Re: Mahout 0.9 Release Notes - First Draft

2013-12-22 Thread Sebastian Schelter
Hi,

the draft looks good overall, I have some minor comments inline:

On 22.12.2013 03:28, Suneel Marthi wrote:
 Hi All,
 
 Please see below the first draft of Release notes for Mahout 0.9. Please feel 
 free to add/edit sections as u see fit.
 (This is a draft only).
 
 Regards,
 Suneel
 
 
 -
 
 
 The Apache Mahout PMC is pleased to announce the release of Mahout 0.9. 
 Mahout's goal is to build scalable machine learning libraries focused 
 primarily in the areas of collaborative filtering (recommenders), 
 clustering and classification (known collectively as the 3Cs), as well as 
 the 
 necessary infrastructure to support those implementations including, but
 not limited to, math packages for statistics, linear algebra and others
 as well as Java primitive collections, local and distributed vector and
 matrix classes and a variety of integrative code to work with popular 
 packages like Apache Hadoop, Apache Lucene, Apache HBase, Apache 
 Cassandra and much more. The 0.9 release is mainly a clean up release in
 preparation for an upcoming 1.0 release targeted for first half of 2014, but 
 there are a few
 significant new features, which are highlighted below.
 
 To get started with Apache Mahout 0.9,
  download the release artifacts and signatures at 
 http://www.apache.org/dyn/closer.cgi/mahout or visit the central Maven 
 repository. 
 
 In
  addition to the release highlights and artifacts, please pay attention 
 to the section labelled FUTURE PLANS below for more information about 
 upcoming releases of Mahout.
 
 As with any release, we wish to thank all of the users and contributors 
 to Mahout. Please see the CHANGELOG [1] and JIRA Release Notes [2] for 
 individual credits, as there are too many to list here.
 
 GETTING STARTED
 
 In the release package, the examples directory contains several working 
 examples of the core 
 functionality available in Mahout. These can be run via scripts in the 
 examples/bin
  directory and will prompt you for more information to help you try 
 things out. Most examples do not need a Hadoop cluster in 
 order to run.
 
 RELEASE HIGHLIGHTS
 
 The highlights of the Apache Mahout 0.9 release include, but are not 
 limited to the list below. For further information, see the included 
 CHANGELOG file.
 
 - Scala DSL Bindings for Mahout Math Linear Algebra (MAHOUT-1297).
See 
 http://weatheringthrutechdays.blogspot.com/2013/07/scala-dsl-for-mahout-in-core-linear.html
 - New Multilayer Perceptron Classifier (MAHOUT-1265) 
 - Recommenders as a Search (MAHOUT-1288).  See 
 https://github.com/pferrel/solr-recommender
 - MAHOUT-1364: Upgrade Mahout to be Lucene 4.6.0 compliant
 - MAHOUT-1361: Online Algorithm for computing accurate Quantiles using 
 1-dimensional Clustering
   See 
 https://github.com/tdunning/t-digest/blob/master/docs/theory/t-digest-paper/histo.pdf
  for the details.
 
 - Removed Deprecated algorithms.
 
 - the usual bug fixes. See JIRA [?} for more information on the 0.9 release.
 
 
 A total 91 separate JIRA issues were addressed in this release.
 
 The following algorithms that were marked deprecated in 0.8 have been removed 
 in 0.9:
 
 - From Clustering:
   Dirichlet - replaced by Collapsible Variational Bayes (CVB)

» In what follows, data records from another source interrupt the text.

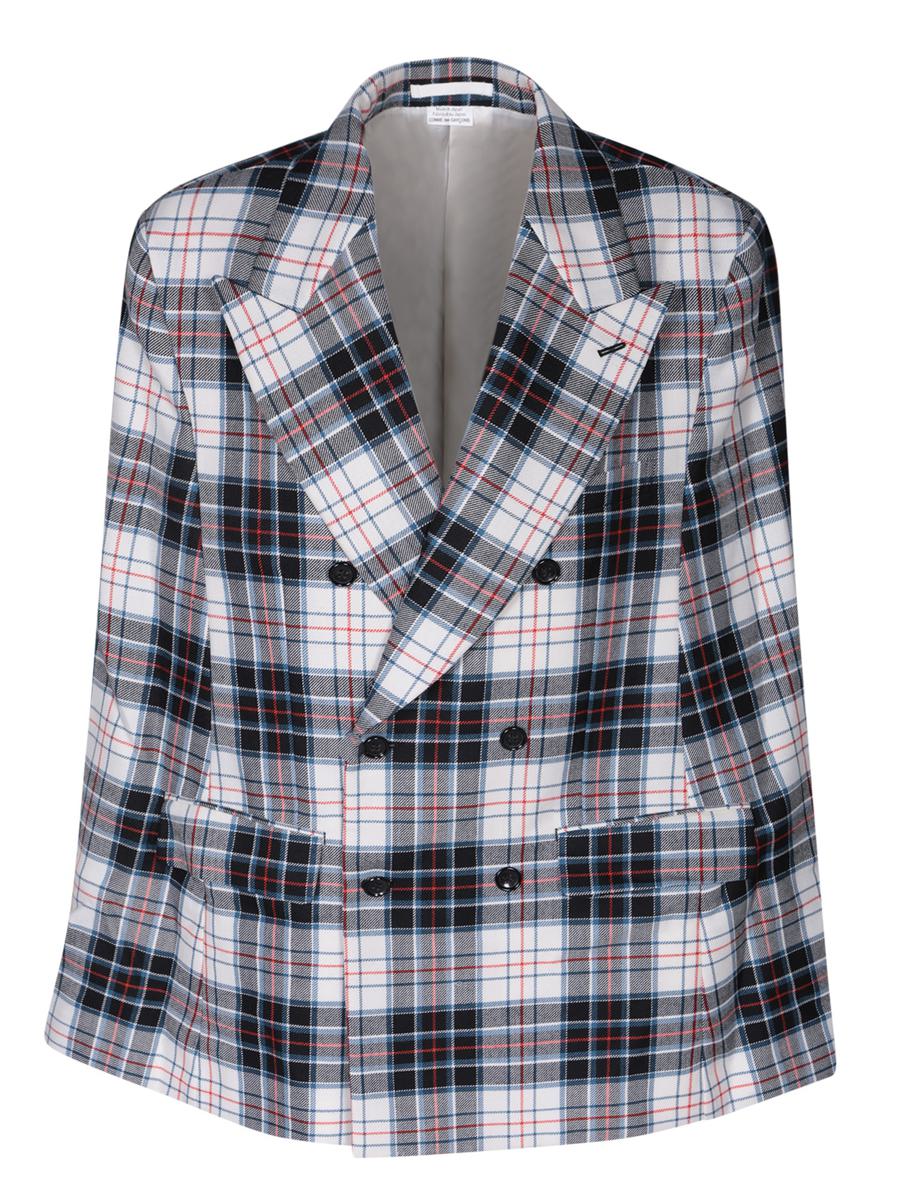 Comme Des Garçons Homme Plus Blazers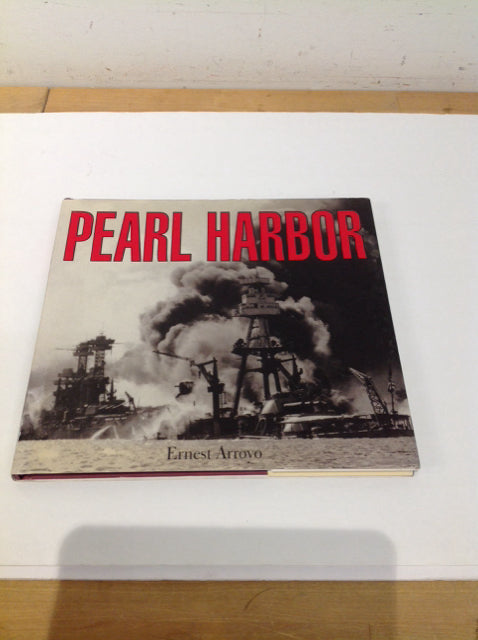 Pearl Harbor Coffee Table Book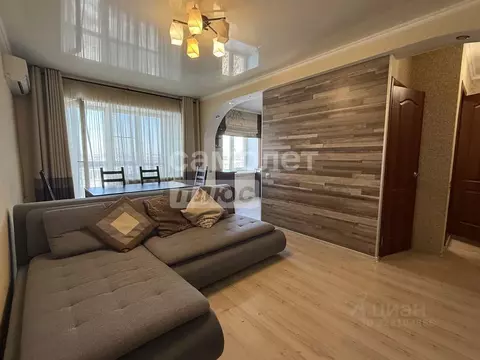 3-к кв. Татарстан, Казань Гвардейская ул., 22 (55.7 м)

I think we switched our LDA implementation to use CVB and removed
Dirichlet clustering, those are two different things, right?

 
   Meanshift 
 
   MinHash - removed due to poor performance and lack of usage
 
   EigenCuts -
 
 
 - From Classification (both are sequential implementations)
 
   Winnow - lack of actual usage
 
   Perceptron - lack of actual usage 
 
 
 - Frequent Pattern Mining
 
 - Collaborative Filtering
 All recommenders in org.apache.mahout.cf.taste.impl.recommender.knn
 SlopeOne implementations in org.apache.mahout.cf.taste.hadoop.slopeone 
 and org.apache.mahout.cf.taste.impl.recommender.slopeone
 Distributed pseudo recommender in org.apache.mahout.cf.taste.hadoop.pseudo
 TreeClusteringRecommender in org.apache.mahout.cf.taste.impl.recommender

We should be careful, because the package knn could make people think we
removed our itembased recommenders (already caused confusion on twitter).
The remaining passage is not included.